Dando por cierto que no nos hallamos ante un despiste de los siempre rigurosos críticos del sanchismo, no queda más remedio que asumir que nos encontramos ante un fenómeno excepcional y que, lejos de provocar la indignación del antisanchismo, debería moverles a la esperanza: Sánchez ha dicho una verdad; o mejor dicho, el presidente del Gobierno de España ha dicho una verdad; o para ser aún más precisos: el presidente de España ha dicho tres verdades: Israel tiene derecho a la legitima defensa frente al terrorismo de Hamás, lo que Netanyahu está haciendo en Gaza ni es legítima defensa ni es soportable y no habrá solución sin reconocimiento del Estado palestino –como estableció ya la ONU en 1947–.
Ninguna de estas tres afirmaciones ha sido rebatida por los fustigadores de la diplomacia sanchista en el Medio Oriente. Antes, al contrario, no parece descabellado asumir que encajan razonablemente en un consenso bastante mayoritario entre las españolas y los españoles. Los cargos contra Sánchez se centran, por tanto, en cuestionar la oportunidad de efectuar semejantes aseveraciones, el lugar elegido para hacerlo y las consecuencias de haberlo hecho.
La verdad acostumbra a ser inoportuna, es cierto. Pero parece bastante razonable asumir que, si lo que realmente se busca es que la tregua de cuatro días se convierta en definitiva, ahora –no dentro de tres, dos o un día– parece el momento justo para hacerle saber a Netanyahu, con claridad, que no cuenta con el respaldo unánime de la comunidad internacional para reiniciar su operación de exterminio contra los palestinos de Gaza.
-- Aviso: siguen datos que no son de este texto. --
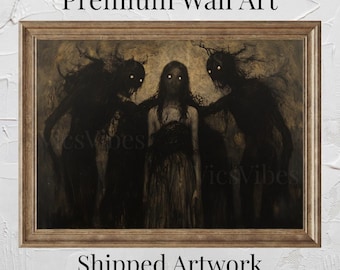 Gothic Vintage Oil Painting Metal Print Canvas Art For Her Shadowy Figures Wall Art Dark Academia Eerie Décor Horror Gifts Moody Creepy Art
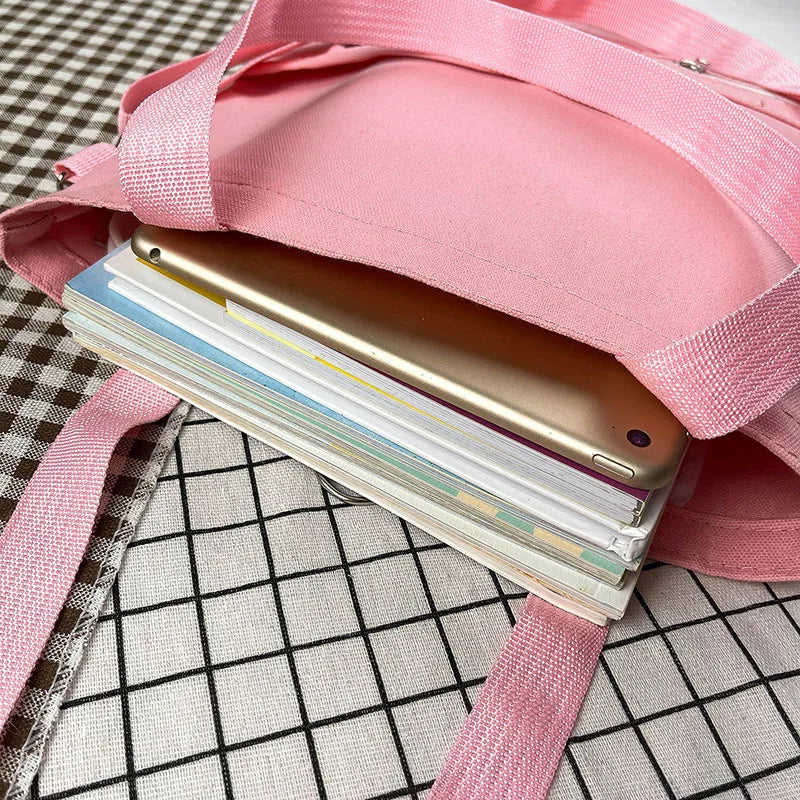Large-capacity Canvas Spring Female Bag Student Tutoring Leisure All-match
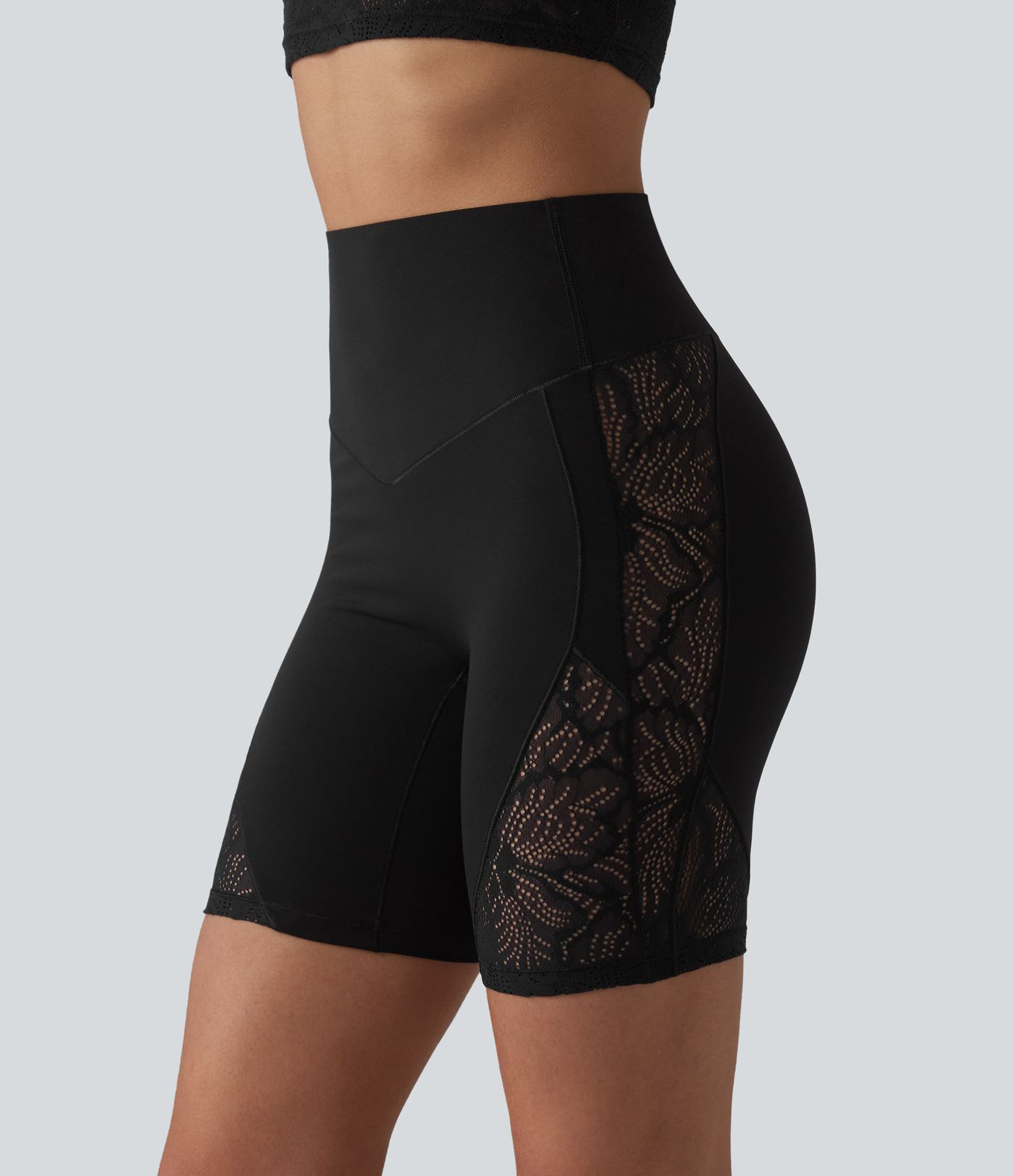 Halara UltraSculpt™ High Waisted Tummy Control Contrast Lace Yoga Biker Shorts 7'' with Pocket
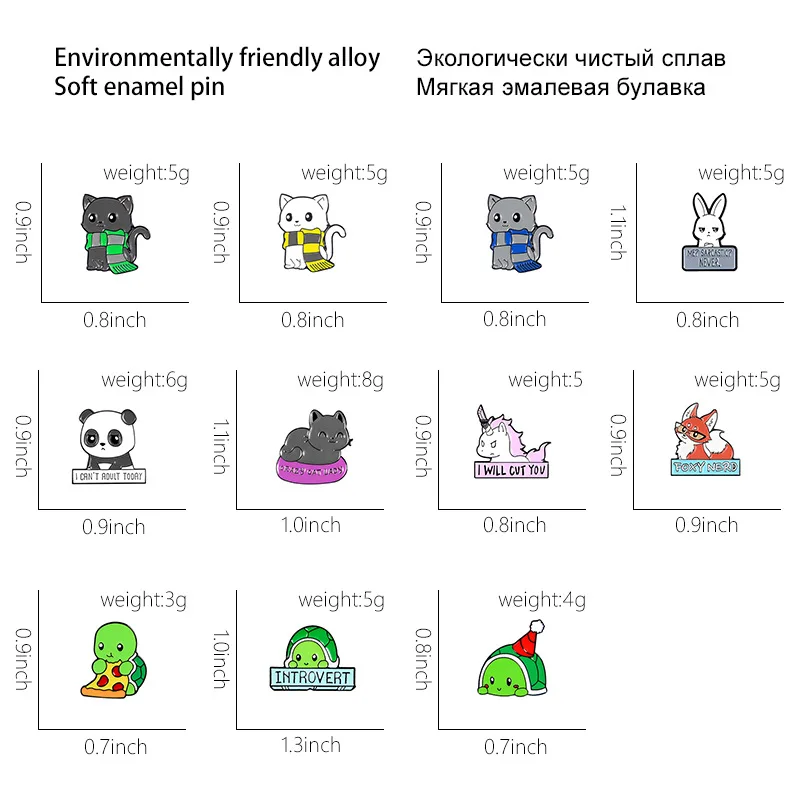 Boys Girls Metal Brooch Cute Animal Matching Bag Accessories BROOCH BADGE Punk Gothic Brooch Pin Jewelry Fashion Jewelry Gift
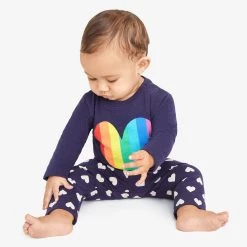 Primary.com Long Sleeve Babysuit In Rainbow Heart $10 And Under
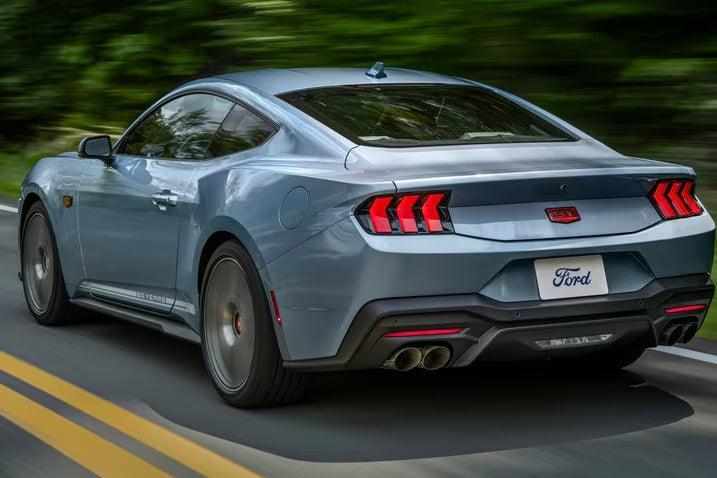 2025 Ford Mustang GT OEM SR3Z-6342528-A 60th Anniversary Rear Deck Lid Emblem - Black & Red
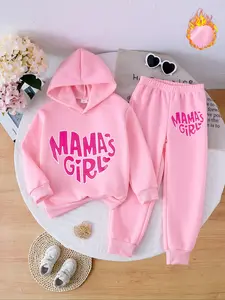 Autumn Winter Kids Hooded Sweatpants Set, Cute Cherry Letter Print, Fitted Casual Style, Thick Fabric, Perfect for Fall & Winter Seasons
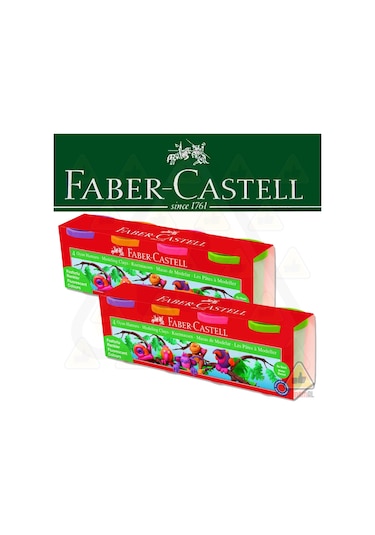 2 Adet - Faber Castell 4 Renk Oyun Hamuru Su Bazlı 2x440gr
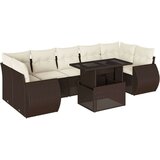 vidaXL 8-dijelni set vrtnih sofa s jastucima smeđi od poliratana | shoptok.hr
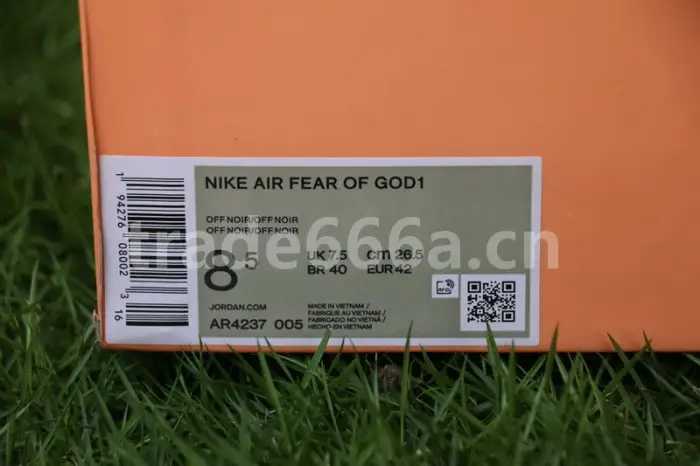 Authentic Nike Air Fear of God 1 “Triple Black” 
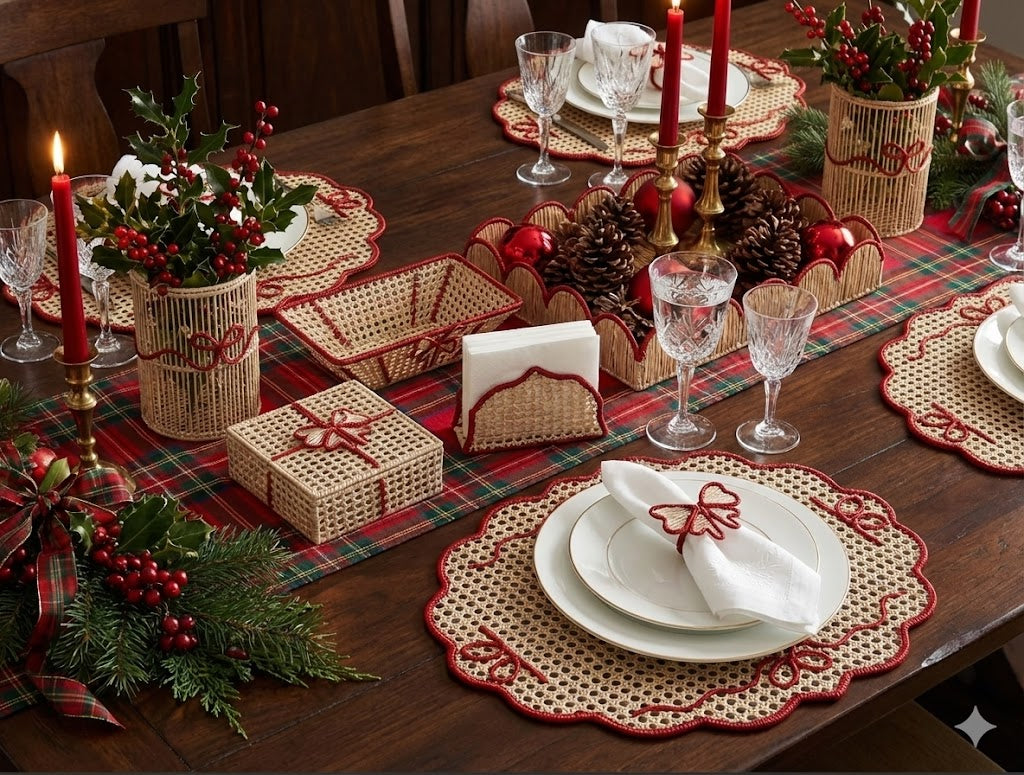 Christmas Joy Square Handwoven Iraca Palm Tray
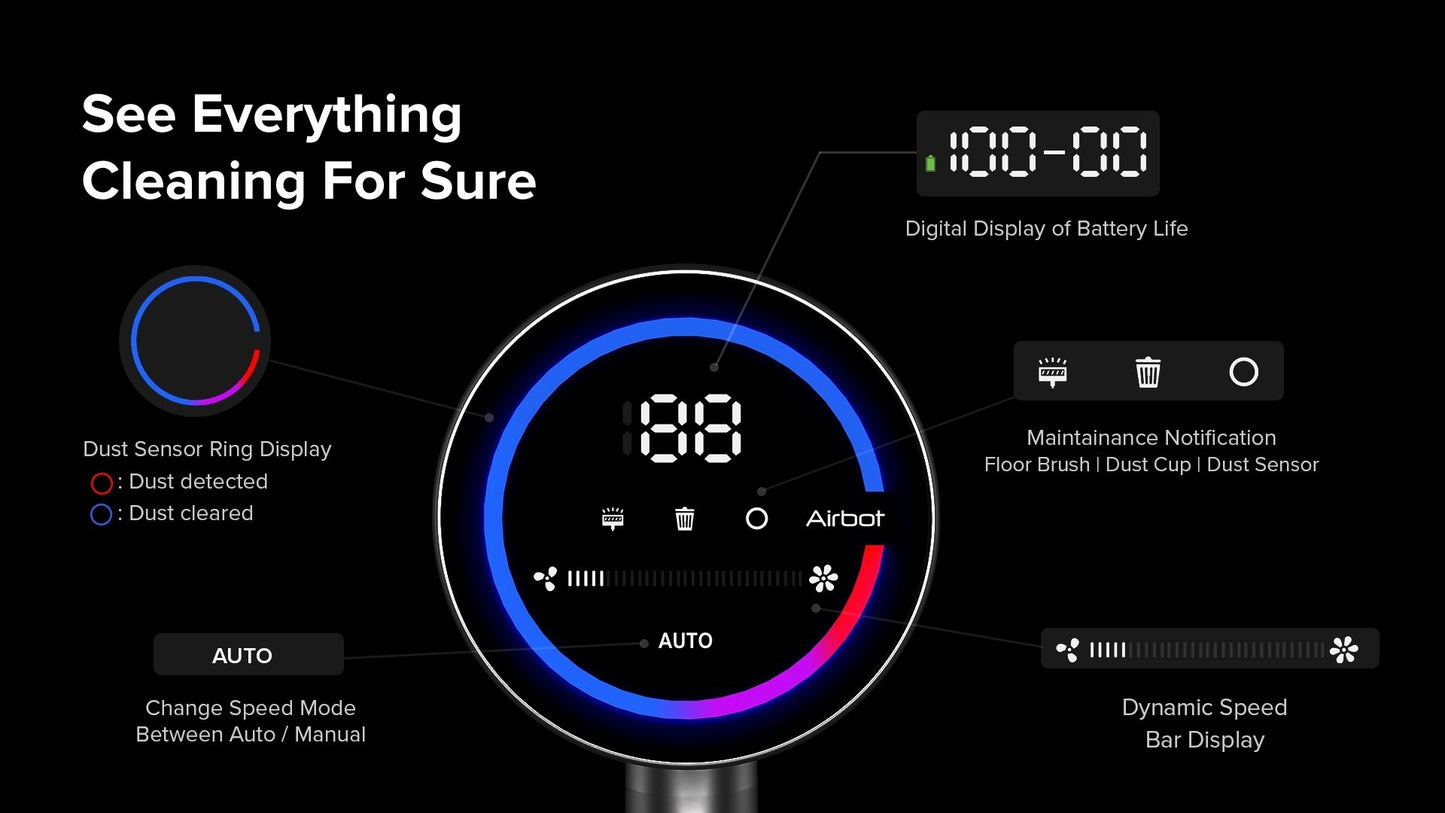 Airbot Hypersonics Pro Smart Cordless Vacuum Cleaner Portable Handheld 27000Pa Auto Dust Sensing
En cuanto al lugar elegido, la crítica se podría sustentar si, el día anterior, no le hubiera dicho exactamente lo mismo a Netanyahu sentado frente a él. Hacerlo con luz y cámaras en el paso fronterizo de Rafah parece una manera proporcionada y bastante leal de transmitirle que no se trataba de un mensaje en una botella; es una política y no tiene vuelta atrás.
Respecto a las consecuencias, obviando argumentos churriguerescos como que vamos a perder el soporte vital del Mossad en la lucha contra el terrorismo, se trataría de preguntarse si realmente resulta más beneficioso para el interés de España y más soportable para nuestra conciencia protestar hipócritamente pero dejar ante la masacre diaria que se perpetra en Gaza, o aguantar que Netanyahu intente intimidarnos como un matón de patio de colegio llamando a su embajador y acusándonos de ser cómplices de los terroristas; ignorando que, en España, muchos ya estamos muy acostumbrados y ya no nos impresionan tales acusaciones. Parece un dilema moral, pero no lo es.